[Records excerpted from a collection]

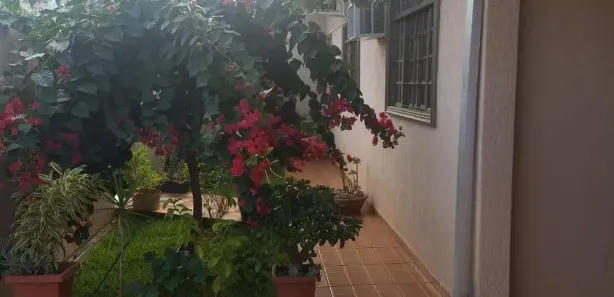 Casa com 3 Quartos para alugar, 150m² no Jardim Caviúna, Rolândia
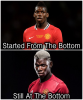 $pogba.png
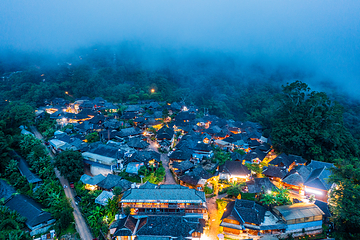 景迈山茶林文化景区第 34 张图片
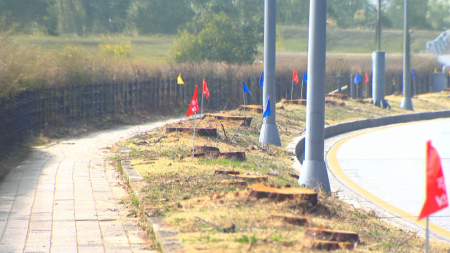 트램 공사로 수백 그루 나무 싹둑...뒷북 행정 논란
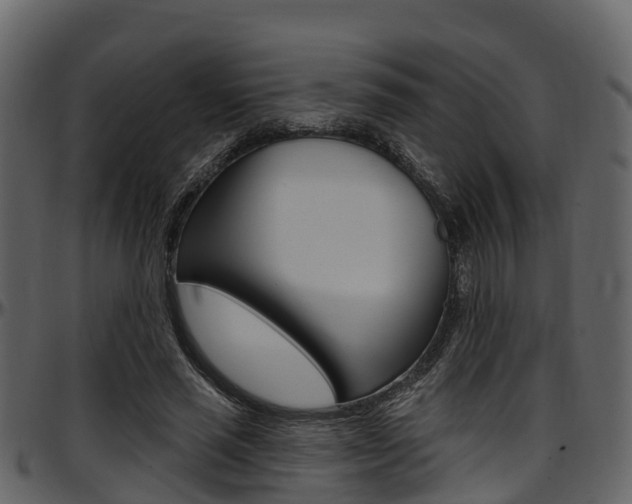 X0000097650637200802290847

▸ EXERCISE GOAL
Repeat the entries word for word and skip the pictures.

▸ SOLVED PROBLEM
 Casa com 3 Quartos para alugar, 150m² no Jardim Caviúna, Rolândia
 $pogba.png
 景迈山茶林文化景区第 34 张图片
 트램 공사로 수백 그루 나무 싹둑...뒷북 행정 논란
 X0000097650637200802290847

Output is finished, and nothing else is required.